Ci-dessous, nous discutons de ces accusations et de la réponse du gouvernement à la lumière d’un certain nombre d’éléments contextuels occupant actuellement la scène politique et sociale en RDC : la mise en œuvre de la politique de gratuité de l’enseignement primaire, les luttes entourant la gestion de la paie des fonctionnaires, les tensions entre les alliées de l’actuel et de l’ancien président et la pandémie de Covid-19.

Le même mais différent

Après 18 ans de régime de Joseph Kabila, de prétendues fraudes électorales ont gravement entachée l’élection de l’actuel président, membre d’un ancien parti d’opposition. Les résultats truqués sont supposés faire partie d’un accord entre l’ancien président Kabila et l’actuel président Tshisekedi. Celui-ci a lutté contre le contrôle continu de Kabila sur le parlement, sur une grande partie du secteur de la sécurité et sur une grande partie des avantages économiques du pays. Alors que la plupart des rentes sont issues de transactions commerciales lucratives dans le secteur minier, souvent via des sociétés offshore, le secteur de l’éducation constitue l’une des principales structures en termes de recherche de rentes au niveau national, étant donné l’importance de la masse des enseignants parmi les effectifs rémunérés par l’État et la part que représente l’éducation dans la masse salariale. En décembre 2017, un peu plus de 400 000 enseignants et membres du personnel administratif du secteur de l’éducation figuraient sur les listes de paie du gouvernement, et 140 000 autres étaient officiellement mécanisés (suivant le terme technique utilisé en RDC, c’est-à-dire enregistrés) mais attendaient leur inclusion sur la liste de paie. Ces nombres reflètent la croissance inefficace et imprévue du système éducatif, ainsi que la propension du secteur à créer des emplois pour un  personnel administratif pléthorique dont les fonctions ne sont que peu liées aux  besoins actuels de la population (qui sont d’ailleurs très nombreux). Depuis plusieurs décennies, les ménages en RDC sont obligés de cofinancer divers services « publics » et le système éducatif en fait partie.

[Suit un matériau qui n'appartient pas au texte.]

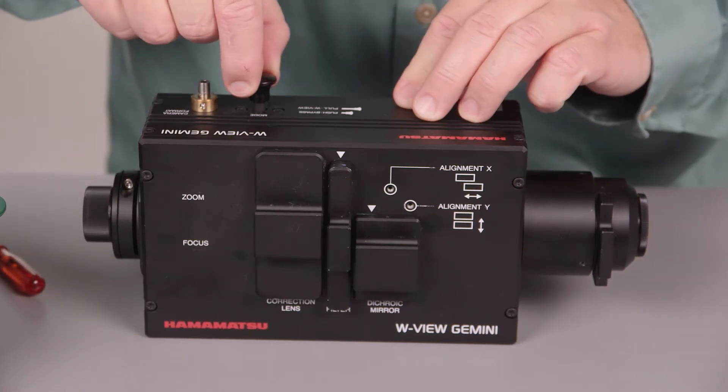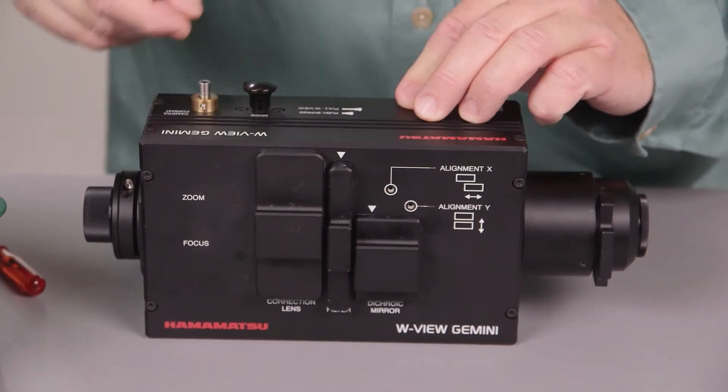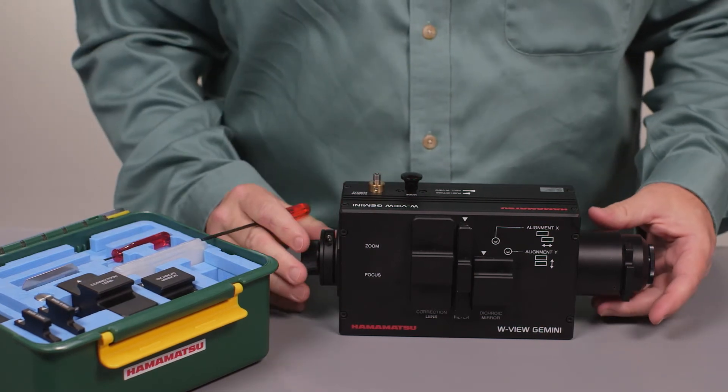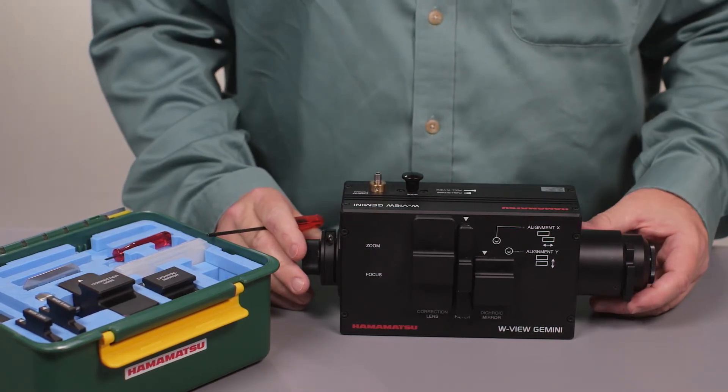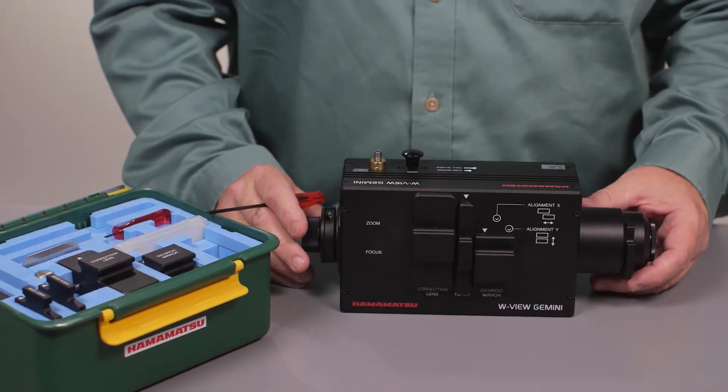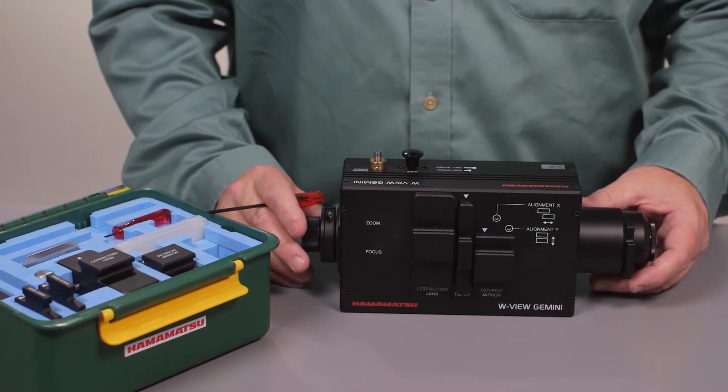The last step is to take this knob, push it in, and now this is in Bypass Mode. Optically, it's as if it were not here. You'll find that the transmission of this is 96%, far higher than the competition, so there's almost no light loss at all.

Les frais de scolarité pour faire face à l’implosion de l’État

Les frais scolaires en RDC remontent à la période « d’ajustement structurel » des années quatre-vingt, mais ils ont explosé considérablement au début des années quatre-vingt-dix, pour permettre aux régimes de gestion éducatifs de faire face à l’effondrement du régime de Mobutu. Les frais de scolarité ont fonctionné comme un bienfait relatif : ils ont permis à un service public et à son administration auxiliaire de survivre à l’implosion de l’État de la RDC dans les années 90. Ils ont également fourni une incitation à étendre le réseau des écoles à des zones où la présence de l’État était limitée. Mais ils ont également été l’un des principaux obstacles à la réalisation d’un enseignement primaire universel de qualité décente.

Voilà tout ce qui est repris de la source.